The method and the related apparatus provided in the embodiments of this application are described with reference to method flowcharts and/or schematic diagrams of structures provided in the embodiments of this application. Specifically, computer program instructions may be used to implement each process and/or each block in the method flowcharts and/or the schematic diagrams of structures and a combination of a process and/or a block in the flowcharts and/or the block diagrams. These computer program instructions may be provided to a general-purpose computer, a dedicated computer, an embedded processor, or a processor of another programmable application display device to generate a machine, so that the instructions executed by the computer or the processor of the another programmable application display device generate an apparatus for implementing a specific function in one or more processes in the flowcharts and/or in one or more blocks in the schematic diagrams of structures. These computer program instructions may alternatively be stored in a computer-readable memory that can instruct a computer or another programmable application display device to work in a specific manner, so that the instructions stored in the computer-readable memory generate an artifact that includes an instruction apparatus. The instruction apparatus implements a specific function in one or more procedures in the flowcharts and/or in one or more blocks in the schematic diagrams of structures. These computer program instructions may also be loaded onto a computer or another programmable application display device, so that a series of operations are performed on the computer or the another programmable device, thereby generating computer-implemented processing. Therefore, the instructions executed on the computer or the another programmable device provide steps for implementing a specific function in one or more processes in the flowcharts and/or in one or more blocks in the schematic structural diagrams.

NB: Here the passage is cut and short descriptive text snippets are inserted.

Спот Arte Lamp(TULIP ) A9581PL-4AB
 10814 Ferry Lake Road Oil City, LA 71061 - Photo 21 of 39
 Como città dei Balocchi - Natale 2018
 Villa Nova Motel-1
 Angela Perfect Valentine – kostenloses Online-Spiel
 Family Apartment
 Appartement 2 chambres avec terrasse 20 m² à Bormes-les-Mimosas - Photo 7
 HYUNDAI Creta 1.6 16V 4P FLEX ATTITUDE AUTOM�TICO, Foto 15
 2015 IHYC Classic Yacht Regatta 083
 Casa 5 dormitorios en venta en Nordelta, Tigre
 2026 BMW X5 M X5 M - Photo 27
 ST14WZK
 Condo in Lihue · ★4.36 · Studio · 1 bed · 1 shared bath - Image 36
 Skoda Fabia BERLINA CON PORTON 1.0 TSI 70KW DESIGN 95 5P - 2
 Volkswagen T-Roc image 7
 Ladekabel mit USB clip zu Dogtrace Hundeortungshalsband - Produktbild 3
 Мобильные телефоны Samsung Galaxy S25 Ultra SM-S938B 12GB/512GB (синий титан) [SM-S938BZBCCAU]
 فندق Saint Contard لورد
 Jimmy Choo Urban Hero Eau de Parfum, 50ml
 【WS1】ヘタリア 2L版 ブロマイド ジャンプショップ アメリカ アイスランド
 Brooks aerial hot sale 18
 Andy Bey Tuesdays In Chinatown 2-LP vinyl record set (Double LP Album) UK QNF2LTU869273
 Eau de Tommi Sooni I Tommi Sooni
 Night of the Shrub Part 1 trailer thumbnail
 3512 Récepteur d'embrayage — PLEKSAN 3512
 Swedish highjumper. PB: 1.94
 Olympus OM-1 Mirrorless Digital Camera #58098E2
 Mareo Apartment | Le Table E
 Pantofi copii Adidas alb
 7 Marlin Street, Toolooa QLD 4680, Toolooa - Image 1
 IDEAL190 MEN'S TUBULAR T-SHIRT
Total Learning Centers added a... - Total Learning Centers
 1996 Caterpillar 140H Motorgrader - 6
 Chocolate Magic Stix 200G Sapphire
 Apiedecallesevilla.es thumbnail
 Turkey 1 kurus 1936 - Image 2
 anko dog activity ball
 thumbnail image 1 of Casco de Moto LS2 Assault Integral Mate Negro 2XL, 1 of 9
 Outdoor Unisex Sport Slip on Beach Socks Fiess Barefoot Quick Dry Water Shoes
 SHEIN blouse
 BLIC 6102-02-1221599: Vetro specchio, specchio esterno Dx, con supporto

What is disclosed above is merely exemplary embodiments of this application, and certainly is not intended to limit the protection scope of this application. Therefore, equivalent variations made in accordance with the claims of this application shall fall within the scope of this application.
Claims
1. A traffic control method, performed by a first road side unit of a first intersection, the method comprising:
- generating a first signal priority request packet, the first signal priority request packet comprising N signal priority requests, N being a positive integer greater than or equal to 1, and when N is greater than 1, the N signal priority requests being configured to indicate signal priority requests initiated by a same type of vehicles at different entrances of the first intersection, or signal priority requests initiated by different types of vehicles in different entrance directions of the first intersection, or signal priority requests initiated by different types of vehicles at a same entrance of the first intersection, or signal priority requests initiated by a same type of vehicles at a same entrance of the first intersection;
- transmitting the first signal priority request packet; and
- receiving a first signal priority response packet returned for the first signal priority request packet, the first signal priority response packet comprising N signal priority responses respectively for the N signal priority requests, and the N signal priority responses comprising information configured to indicate a first road traffic signal control machine of the first intersection to control a traffic management and control device of the first intersection.
2. The method according to claim 1, wherein each signal priority request comprises entrance information and request priority manner information of the first intersection.
3. The method according to claim 1, wherein each signal priority request further comprises at least one of request priority level information, request priority duration information, vehicle type information, vehicle location information, information about a distance between a vehicle and the first intersection, information about estimated arrival time at which a vehicle arrives at the first intersection, and information about a quantity of passengers on a vehicle.
4. The method according to claim 1, wherein the first signal priority request packet further comprises an object identifier of the first signal priority request packet; and
- the object identifier is configured to indicate that the first signal priority request packet is configured to describe the signal priority request reported by a vehicle.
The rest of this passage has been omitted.